- Exercise instructions: As the answer, return precisely the lines from the one containing "molecular formula C14H18N2" to the final line of the material below, inclusive, and omit every picture.
((
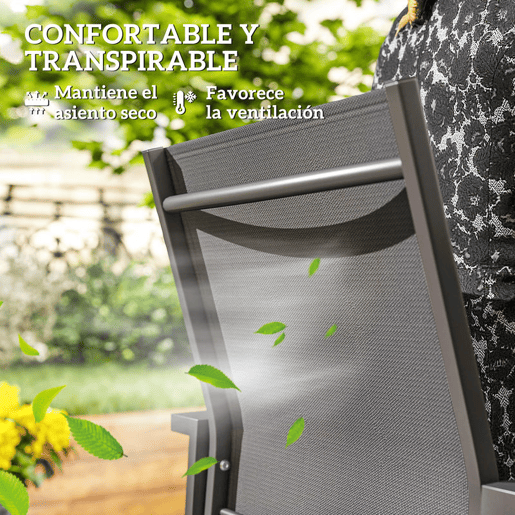 Outsunny Conjunto de 2 Cadeiras de Jardim Cadeiras de Exterior Empilháveis Cadeiras de Refeição com Tecido Transpirável Estrutura em Aço Apoios de Braços e Encosto 56x58x89 cm Cinzento Escuro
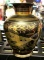 Japanese Brass Vase w/ Engraved Peacock and Floral Designs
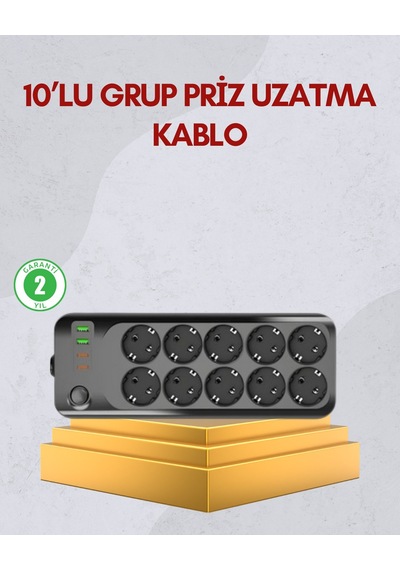 Hnrlıshp 10 Prizli Uzatma Kablosu Termal Koruma Usb Type-c Hızlı Şarj 2500w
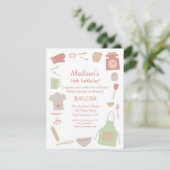 Invitation Retro Vintage Cuisine cuisson fête d'anniversaire (Debout devant)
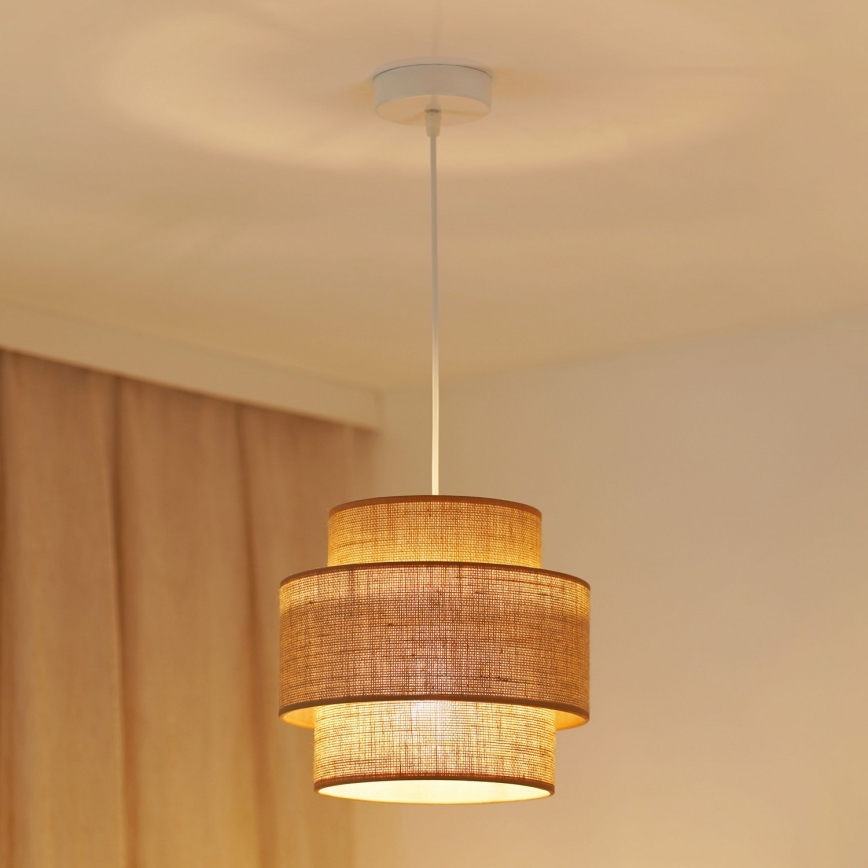 Brilagi - Kattokruunu johdossa SPACE YUTE 1xE27/15W/230V halkaisija 25 cm beige/valkoinen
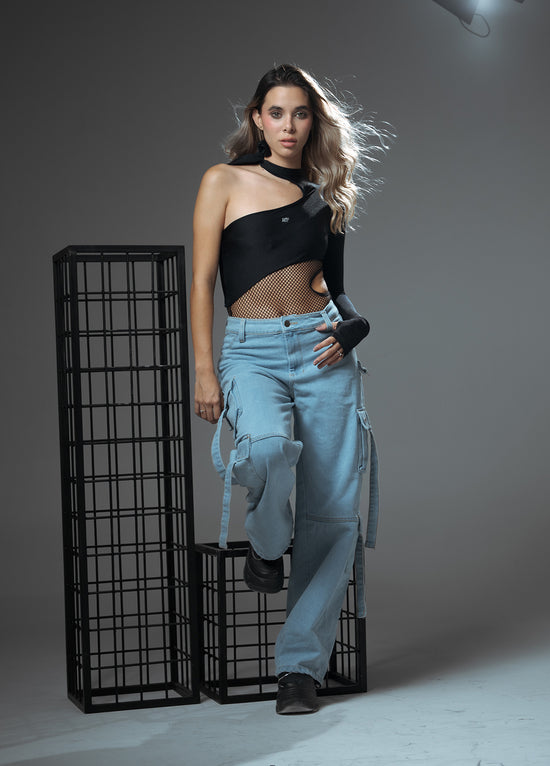 Pantalón Denim Cargo Azul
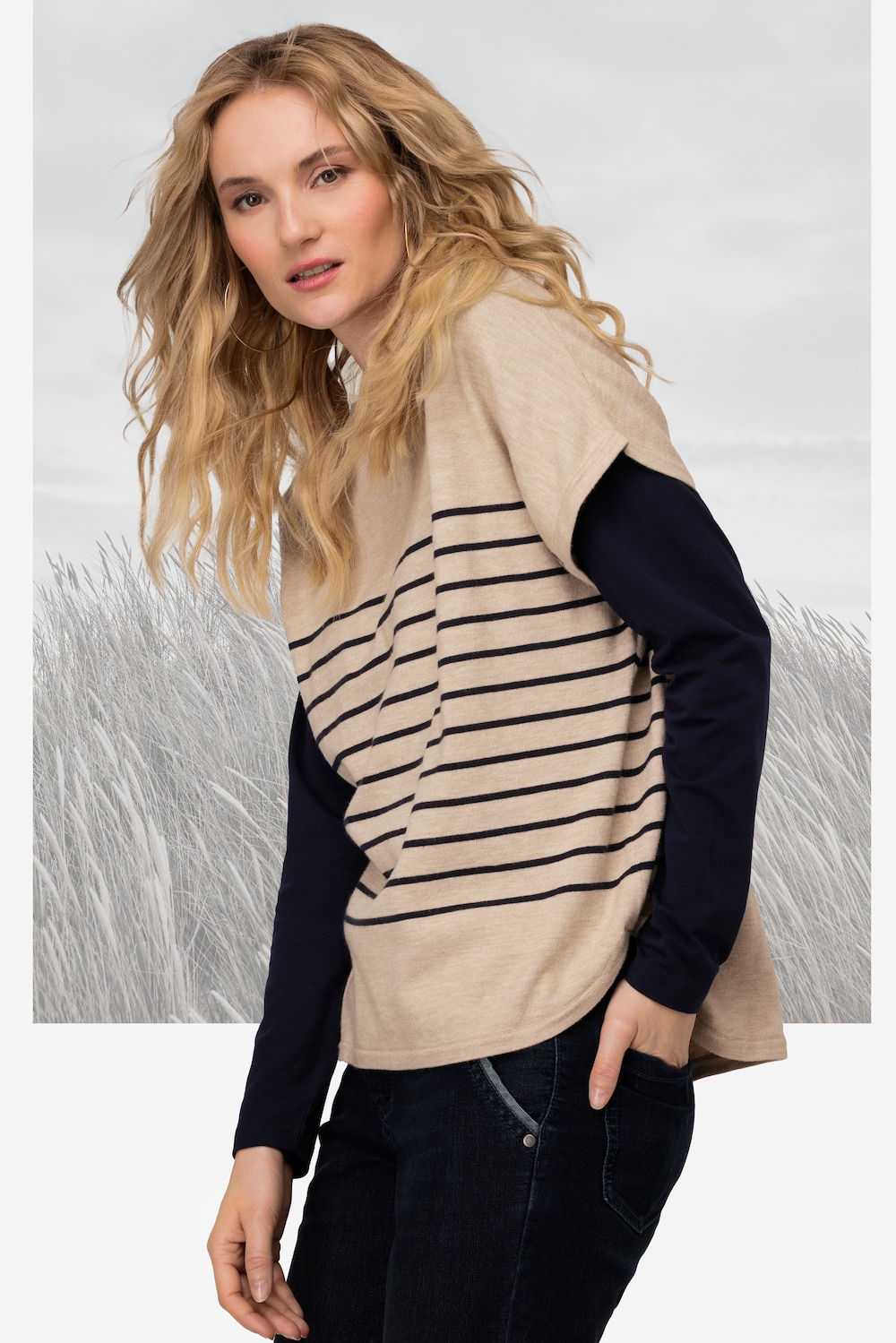 Große Größen Pullunder, Damen, beige, Größe: S, Viskose/Polyester/Synthetische Fasern, LAURASON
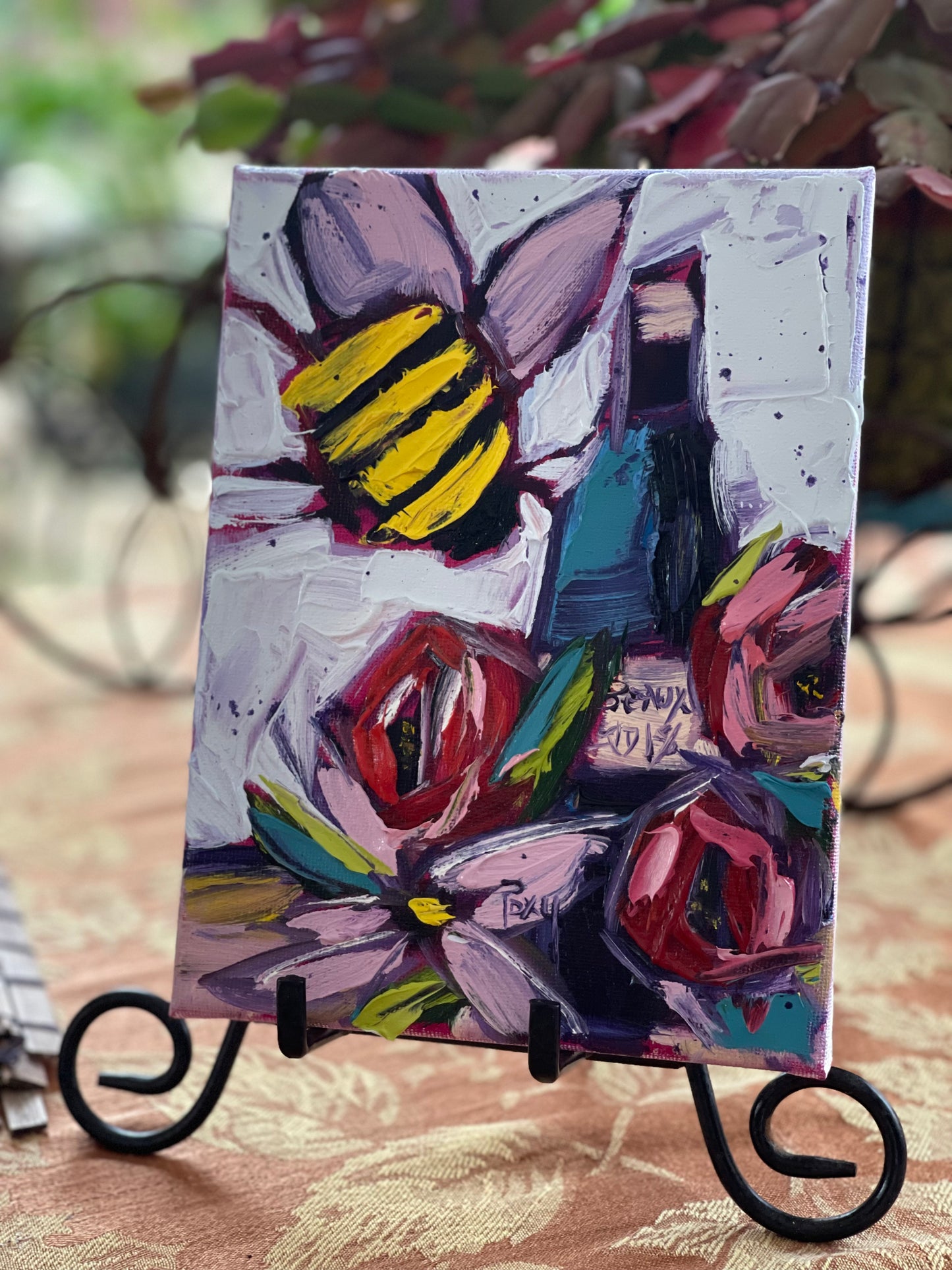 Bee Happy (Bee Wine & Roses) Original Oil Painting 6x8 Unframed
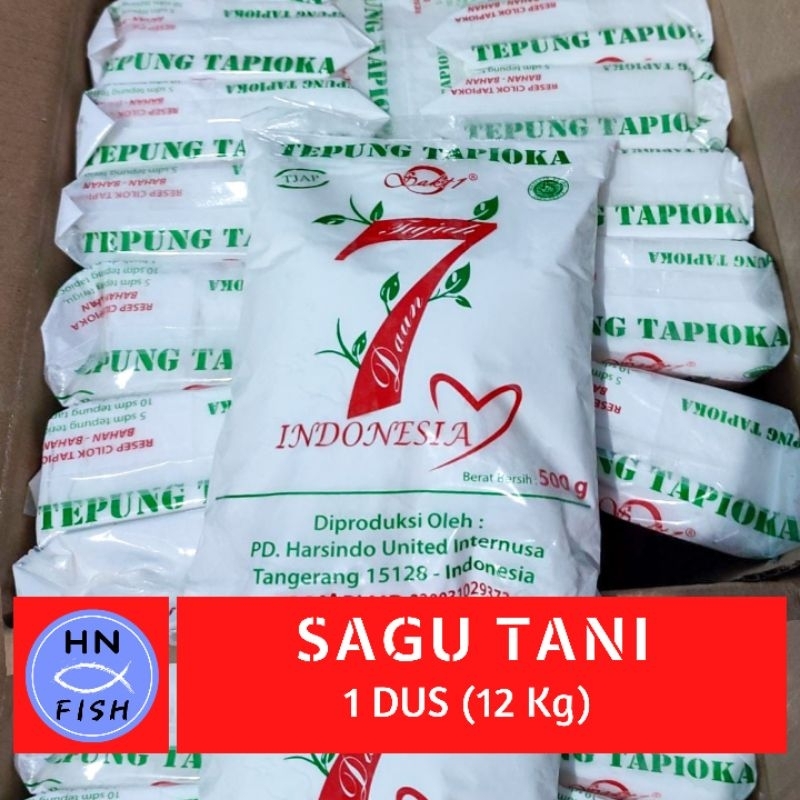 

SAGU TANI TJAP 7 DAUN TEPUNG TAPIOKA 1 DUS ISI 24 PACK @500gr TEPUNG SAGU TANI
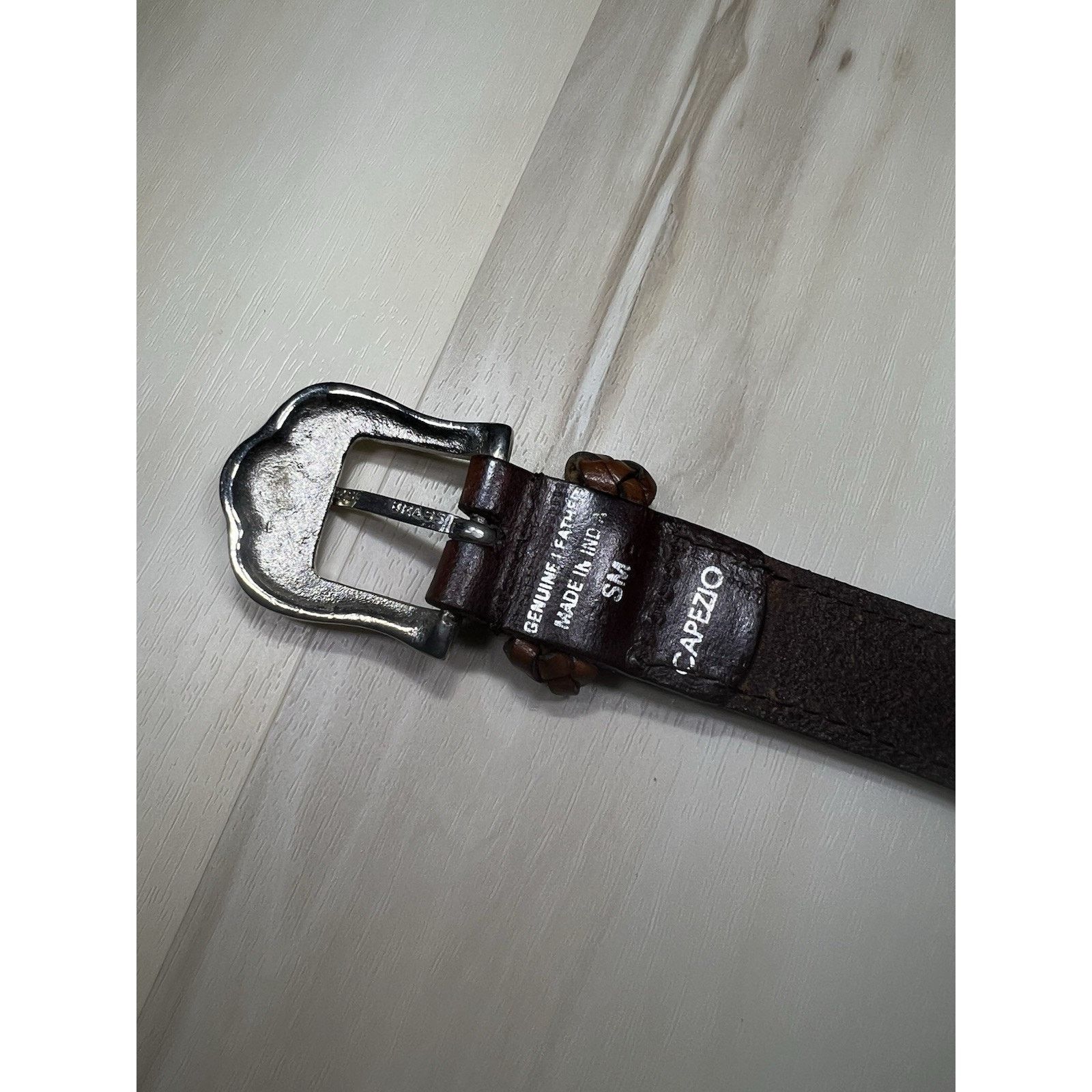 Tribal Streetwear Capezio S/M Belt Woven Leather and Silver Brass Link Brown Size ONE SIZE - 7 Thumbnail
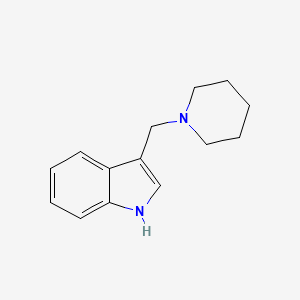 molecular formula C14H18N2 B1605828 3-((PIPERIDIN-1-YL)METHYL)-1H-INDOLE CAS No. 5355-42-0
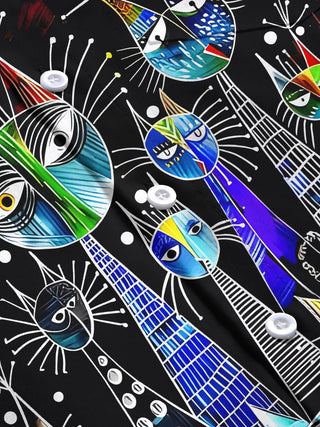 men's cat print short sleeve flat lay shirt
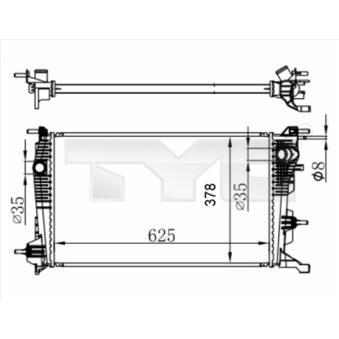 Radiateur, refroidissement du moteur TYC 728-0065-R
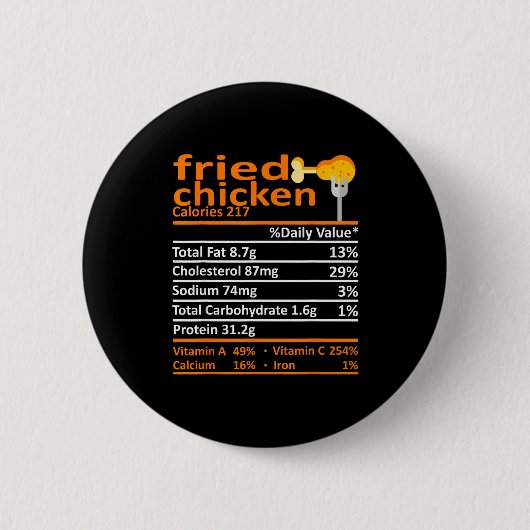 Fried Chicken Nutrition Food Facts Thanksgiving Fu Button (Vorderseite)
))
- Result for this exercise:
 molecular formula C14H18N2 B1605828 3-((PIPERIDIN-1-YL)METHYL)-1H-INDOLE CAS No. 5355-42-0
 men's cat print short sleeve flat lay shirt
 Radiateur, refroidissement du moteur TYC 728-0065-R
 Fried Chicken Nutrition Food Facts Thanksgiving Fu Button (Vorderseite)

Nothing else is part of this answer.